» Problem details: Transcribe the listing exactly; drop the images.

[[ Dataset section, beginning ]]

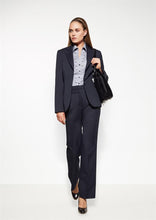 Biz Corporates Ladies Longerline Jacket (60112)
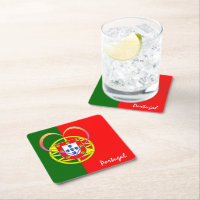 Drapeau portugais & Coeur - Portugal /fans sportif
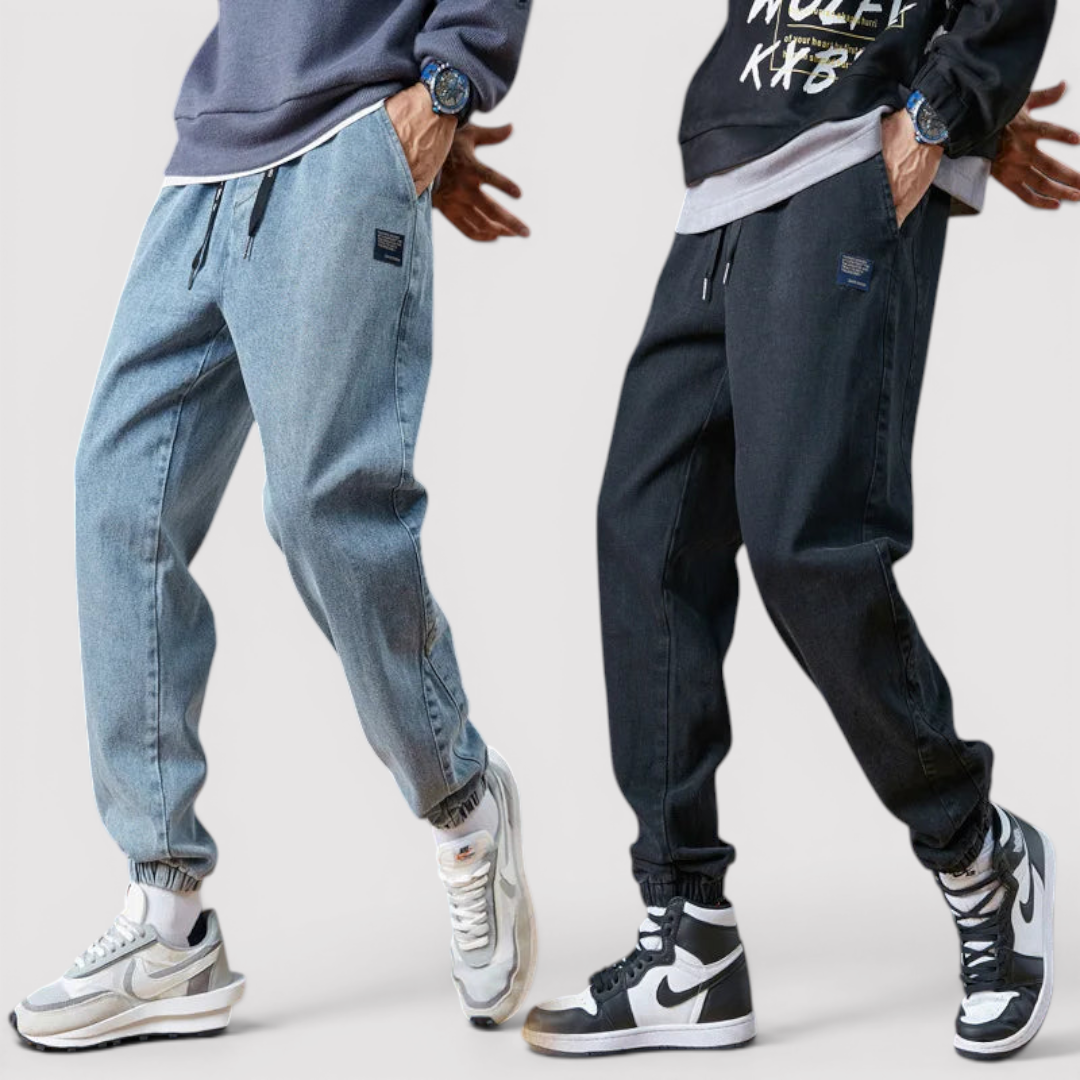 Michael Sydney men's trackpants, front view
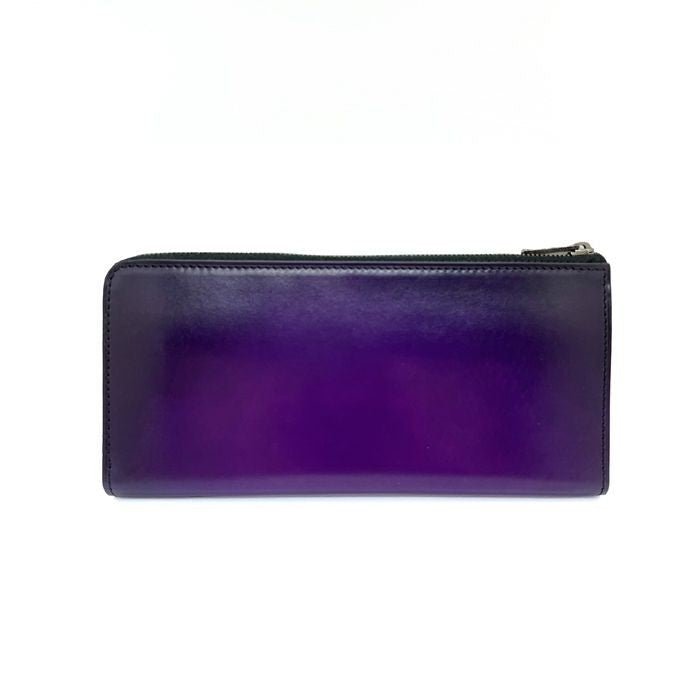 YVE124N L字ファスナーウォレット - yuhaku online shop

[[ Dataset section, end ]]

» Task response:
 Biz Corporates Ladies Longerline Jacket (60112)
 Drapeau portugais & Coeur - Portugal /fans sportif
 Michael Sydney men's trackpants, front view
 YVE124N L字ファスナーウォレット - yuhaku online shop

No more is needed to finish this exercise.